**Work to be completed**
Beneath this task are records; print exactly the stretch of them from the line with "Book cover of" through the line with "David and Atsushi", both ends included.

**Exercise material**

.....

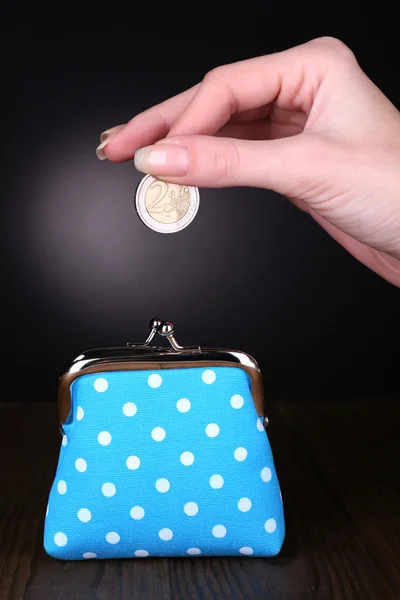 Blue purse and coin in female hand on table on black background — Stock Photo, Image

.....

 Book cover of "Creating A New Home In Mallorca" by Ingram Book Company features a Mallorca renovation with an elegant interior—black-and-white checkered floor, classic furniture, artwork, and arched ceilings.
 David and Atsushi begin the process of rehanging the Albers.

.....

**Task answer**
 Book cover of "Creating A New Home In Mallorca" by Ingram Book Company features a Mallorca renovation with an elegant interior—black-and-white checkered floor, classic furniture, artwork, and arched ceilings.
 David and Atsushi begin the process of rehanging the Albers.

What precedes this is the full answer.